__Exercise directions__
Please give back the listing below word for word and drop any images.
━━━ Data extract ━━━
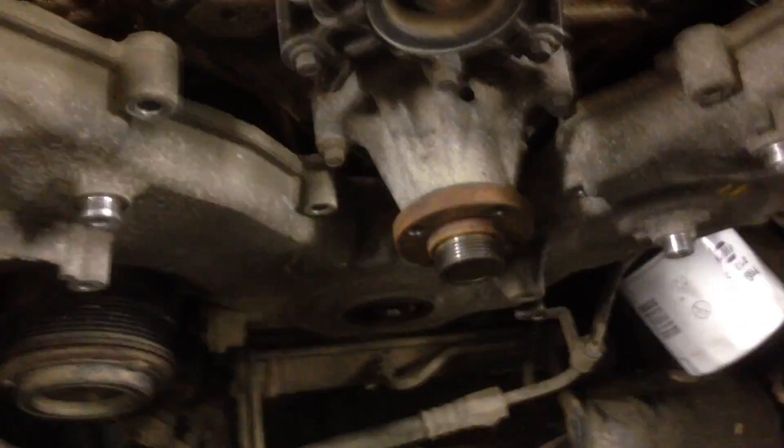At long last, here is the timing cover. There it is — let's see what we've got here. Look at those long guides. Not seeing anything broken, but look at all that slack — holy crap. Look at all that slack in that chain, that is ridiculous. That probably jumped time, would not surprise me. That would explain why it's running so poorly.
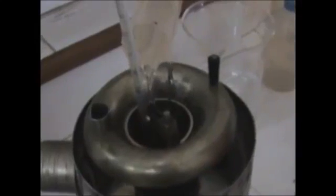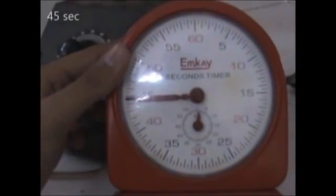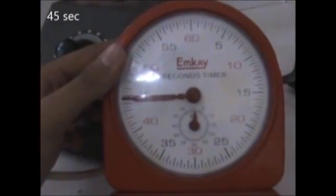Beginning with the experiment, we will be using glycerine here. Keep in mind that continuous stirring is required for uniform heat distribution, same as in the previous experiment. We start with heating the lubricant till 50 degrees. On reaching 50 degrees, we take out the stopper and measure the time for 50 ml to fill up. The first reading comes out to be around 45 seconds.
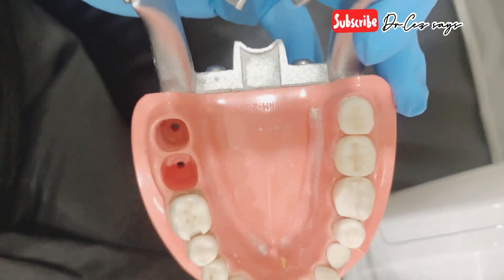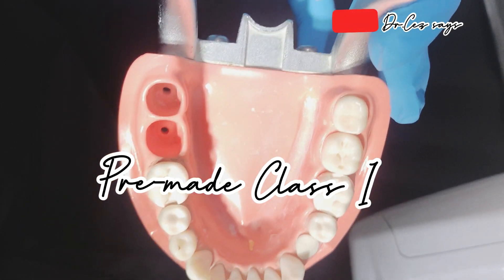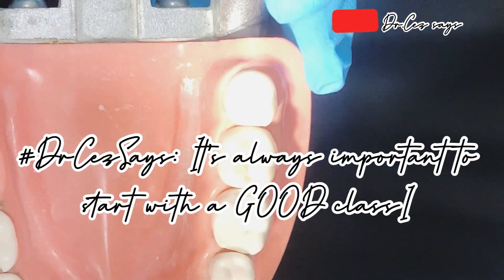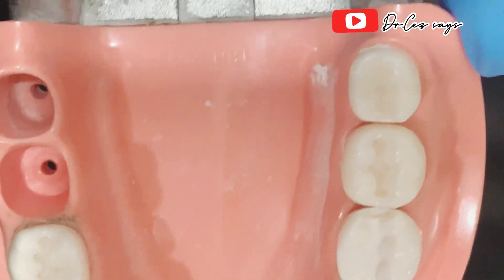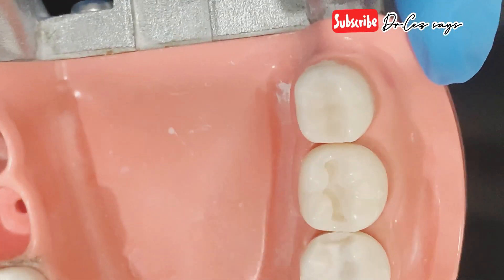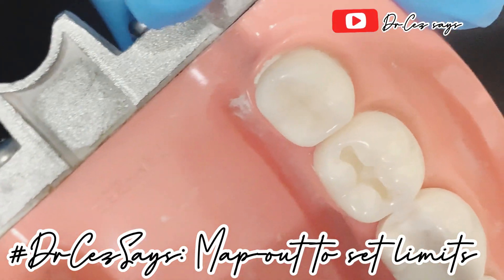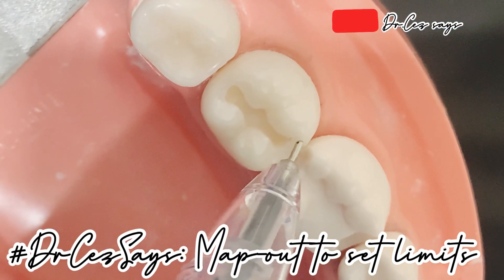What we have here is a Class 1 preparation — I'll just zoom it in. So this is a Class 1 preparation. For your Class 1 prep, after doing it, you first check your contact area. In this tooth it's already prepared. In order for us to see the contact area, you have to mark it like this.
━━━
__Task result__
At long last, here is the timing cover. There it is — let's see what we've got here. Look at those long guides. Not seeing anything broken, but look at all that slack — holy crap. Look at all that slack in that chain, that is ridiculous. That probably jumped time, would not surprise me. That would explain why it's running so poorly.
Beginning with the experiment, we will be using glycerine here. Keep in mind that continuous stirring is required for uniform heat distribution, same as in the previous experiment. We start with heating the lubricant till 50 degrees. On reaching 50 degrees, we take out the stopper and measure the time for 50 ml to fill up. The first reading comes out to be around 45 seconds.
What we have here is a Class 1 preparation — I'll just zoom it in. So this is a Class 1 preparation. For your Class 1 prep, after doing it, you first check your contact area. In this tooth it's already prepared. In order for us to see the contact area, you have to mark it like this.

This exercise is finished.